**RECORDED INFORMATION:**
[Start of section]
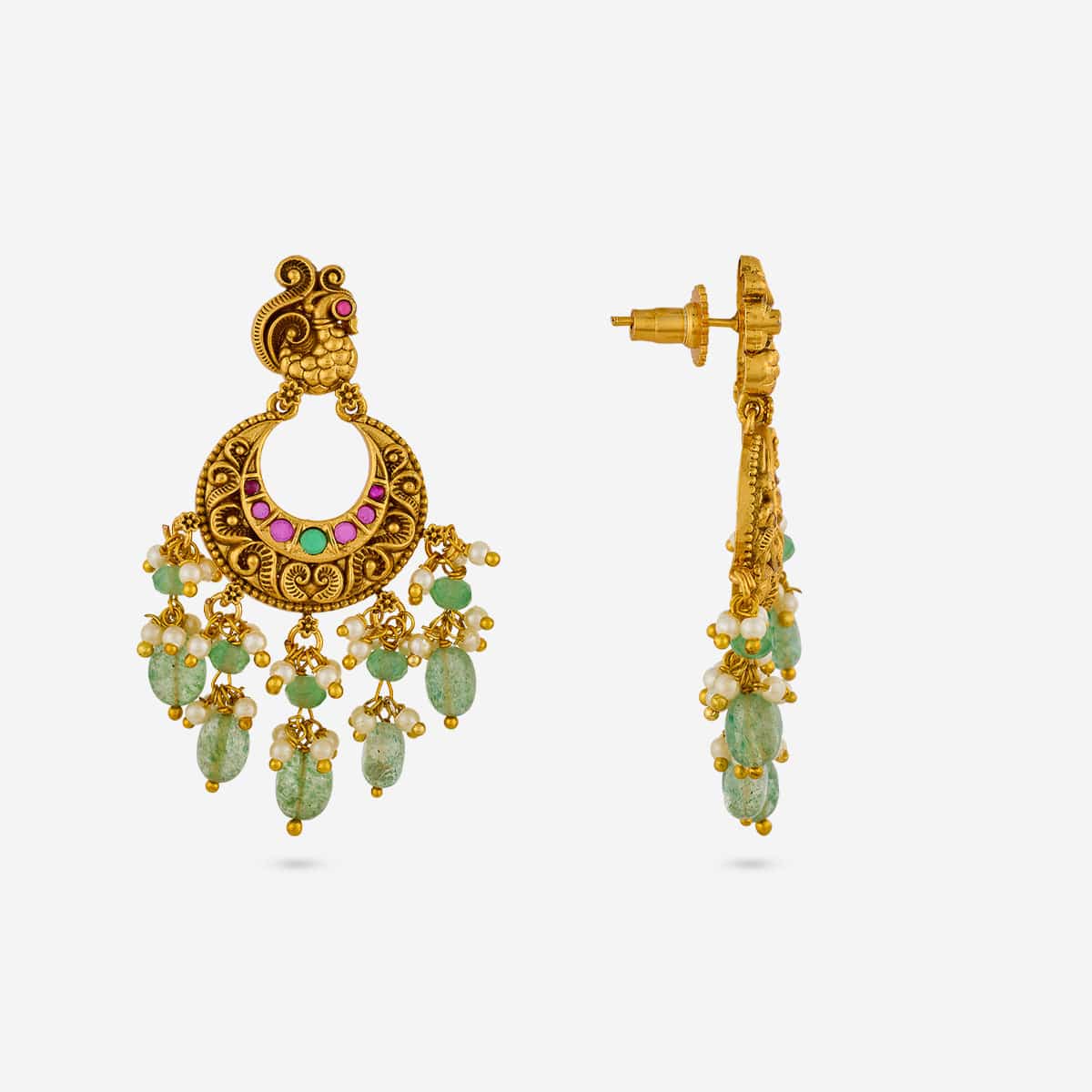 Antique Earring 193456 - Image 4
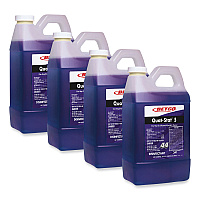 Betco Quat-Stat 5 Disinfectant, Lavender Scent, 2 L Bottle, 4/Carton (3414700)
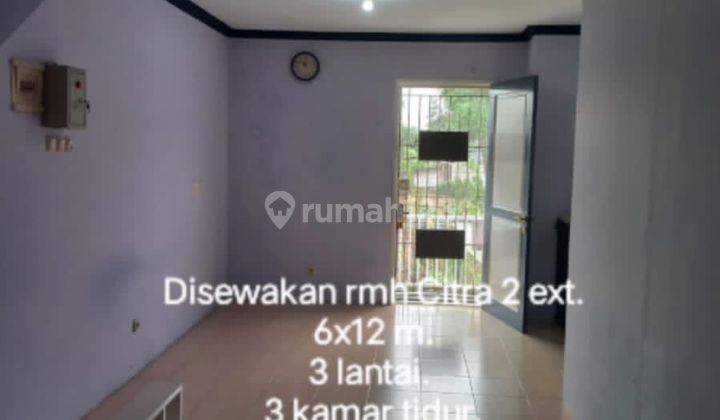 Rumah 3 lantai disewakan di Citra Garden 2 ektension, cengkareng barat 1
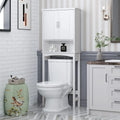Over The Toilet Storage Cabinet, Bathroom Shelf Over Toilet, Bathroom Organizer Space Saver, White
[End of section]
**ASSIGNMENT:**
Only the lines from the one with "Betco Quat-Stat 5" to the last line of the listing, inclusive, are to be set down, exactly as they stand and without pictures.

**ANSWER TO THIS TASK:**
 Betco Quat-Stat 5 Disinfectant, Lavender Scent, 2 L Bottle, 4/Carton (3414700)
 Rumah 3 lantai disewakan di Citra Garden 2 ektension, cengkareng barat 1
Over The Toilet Storage Cabinet, Bathroom Shelf Over Toilet, Bathroom Organizer Space Saver, White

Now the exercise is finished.